# DATA TO EXAMINE
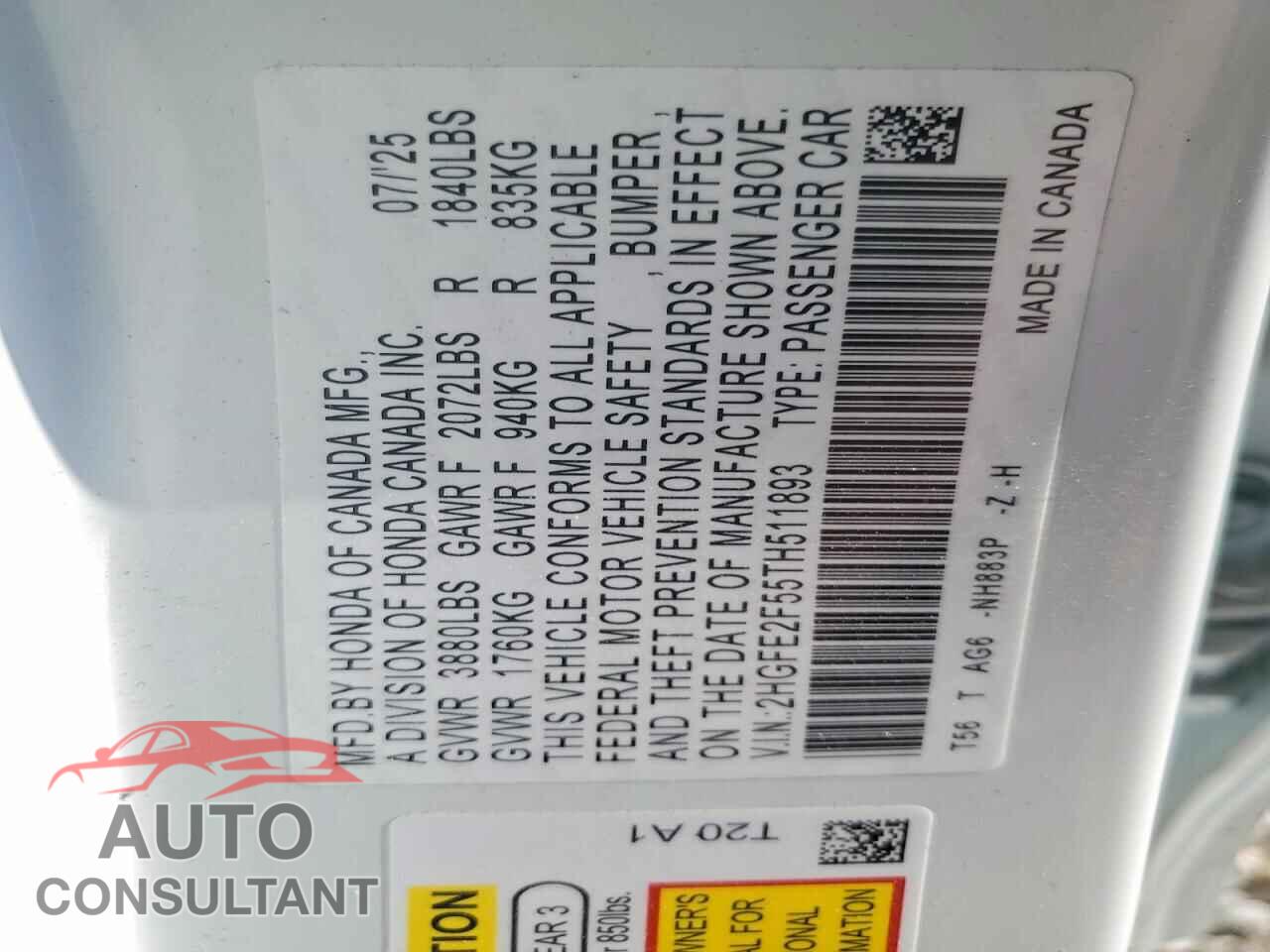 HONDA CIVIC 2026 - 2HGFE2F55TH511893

* * *

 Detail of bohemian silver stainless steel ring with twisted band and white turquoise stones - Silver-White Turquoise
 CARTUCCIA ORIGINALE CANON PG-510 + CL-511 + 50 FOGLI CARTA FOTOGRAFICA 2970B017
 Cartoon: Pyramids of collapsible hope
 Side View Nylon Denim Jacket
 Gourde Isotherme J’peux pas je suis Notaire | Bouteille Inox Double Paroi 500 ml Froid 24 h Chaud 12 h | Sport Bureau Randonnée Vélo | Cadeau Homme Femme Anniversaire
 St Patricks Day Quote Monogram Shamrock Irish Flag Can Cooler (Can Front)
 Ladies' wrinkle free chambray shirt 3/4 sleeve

# REQUIRED WORK
As listed above, the lines from the line with "Gourde Isotherme J’peux" to the line with "Ladies' wrinkle free" are to be echoed exactly, with both ends included and nothing added.

# ANSWER SPACE
 Gourde Isotherme J’peux pas je suis Notaire | Bouteille Inox Double Paroi 500 ml Froid 24 h Chaud 12 h | Sport Bureau Randonnée Vélo | Cadeau Homme Femme Anniversaire
 St Patricks Day Quote Monogram Shamrock Irish Flag Can Cooler (Can Front)
 Ladies' wrinkle free chambray shirt 3/4 sleeve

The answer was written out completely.